Graham Cottrell

Personal information
- Full name: Graham Allan Cottrell
- Born: 23 March 1945 (age 81) Datchet, Buckinghamshire, England
- Batting: Right-handed
- Bowling: Right-arm medium

Domestic team information
- 1966–1968: Cambridge University

Career statistics
| Competition | First-class |
| Matches | 39 |
| Runs scored | 1108 |
| Batting average | 16.78 |
| 100s/50s | 0/2 |
| Top score | 81 |
| Balls bowled | 4044 |
| Wickets | 60 |
| Bowling average | 35.35 |
| 5 wickets in innings | 0 |
| 10 wickets in match | 0 |
| Best bowling | 4/31 |
| Catches/stumpings | 17/– |
- Source: Cricinfo, 15 December 2014

= Graham Cottrell =

English cricketer and teacher

Graham Allan Cottrell (born 23 March 1945) is a former English first-class cricketer and teacher.

==Life and career==
Cottrell attended Kingston Grammar School before going up to St Catharine's College, Cambridge. He won a Blue for hockey at Cambridge University and also played for Cambridgeshire, but was more prominent as a cricketer, playing for the university side from 1966 to 1968 and captaining the team in 1968.

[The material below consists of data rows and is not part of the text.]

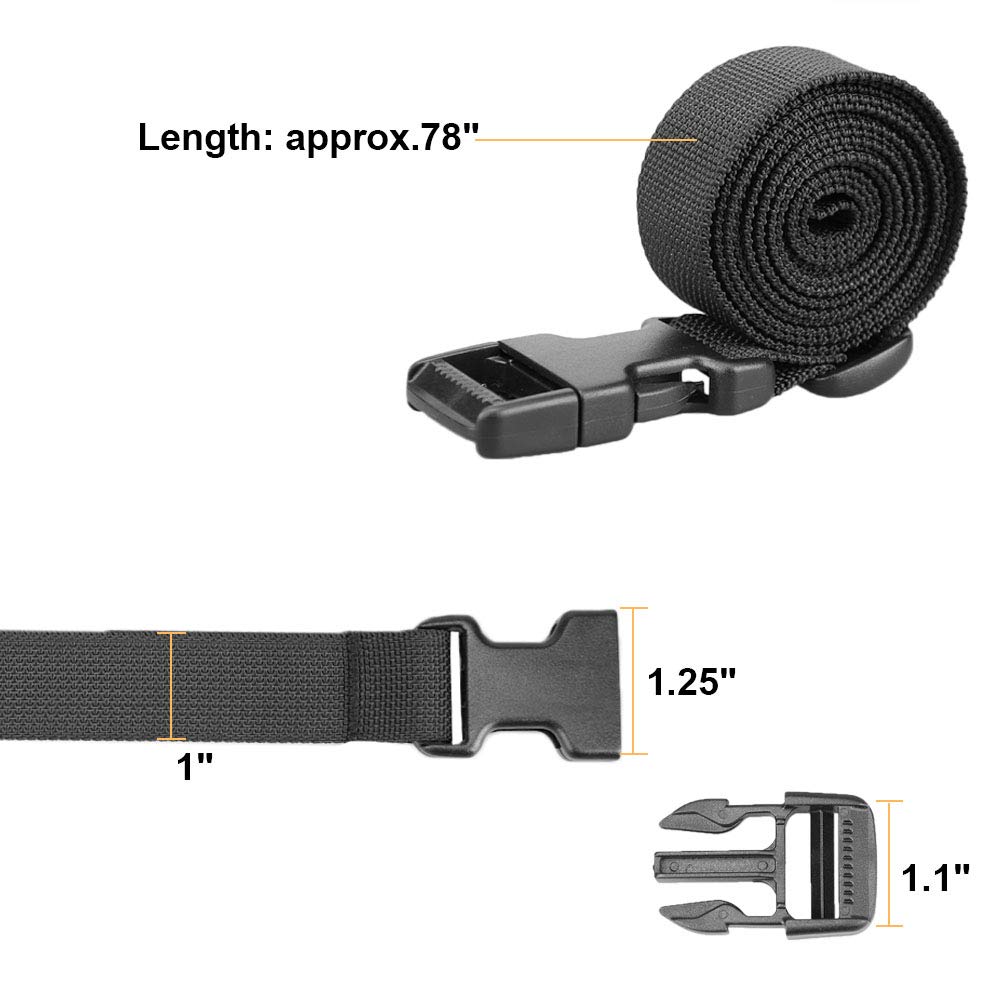 HENGBIRD 3 Cinghie Regolabili Per Bagagli – Attacca Giacche O Borse Alla Valigia – Moschettone Robusto, Mani Libere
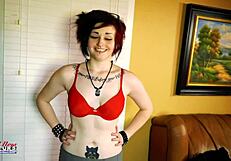 Inked Cutie Marcie Dildo Fucks Her Horny Twat Wearing Lingerie And Squirts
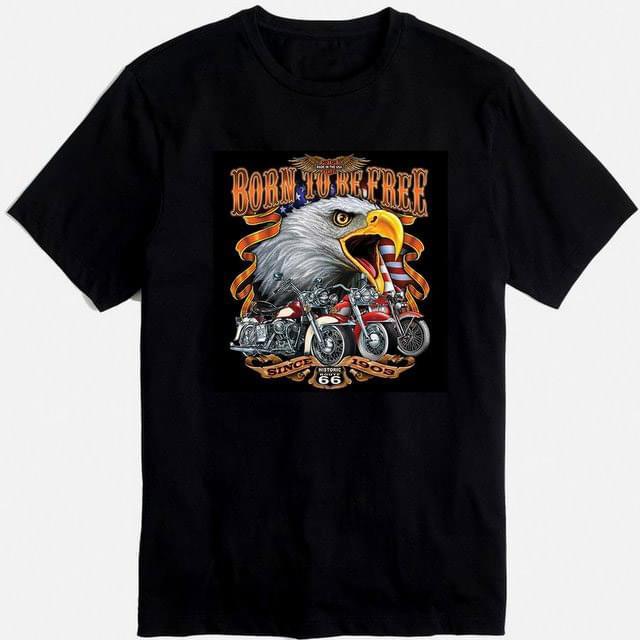 "Born To Be Free" USA Eagle Biker T-Shirts - Black M/L/XL image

Cottrell was principally a medium-pace bowler. He took 20 wickets at an average of 38.80 in 1966 and 18 at 43.72 in 1967. His best season was 1968, when he took 22 at 25.36, including his best figures of 4 for 31 in his final first-class match, against Oxford University. He was the team's most effective bowler, but gave himself only 163 overs in 12 matches.

He sometimes scored useful runs in the lower order. His highest score was 81 against Nottinghamshire in 1967 when, after Cambridge were 69 for 6, he and Chris Pyemont added 142 for the seventh wicket at better than a run a minute. Later that season he made 50 in an hour against the touring Indian team.

Cottrell played for Surrey Second XI from 1966 to 1970. In their 17-run victory over Warwickshire Second XI in 1967 he took 4 for 2 and 5 for 48. He also played a few games of Minor Counties cricket for Cambridgeshire in 1976.

Cottrell became a school teacher. He taught at Stowe School, where he was housemaster of Cobham House from 1990 to 2000.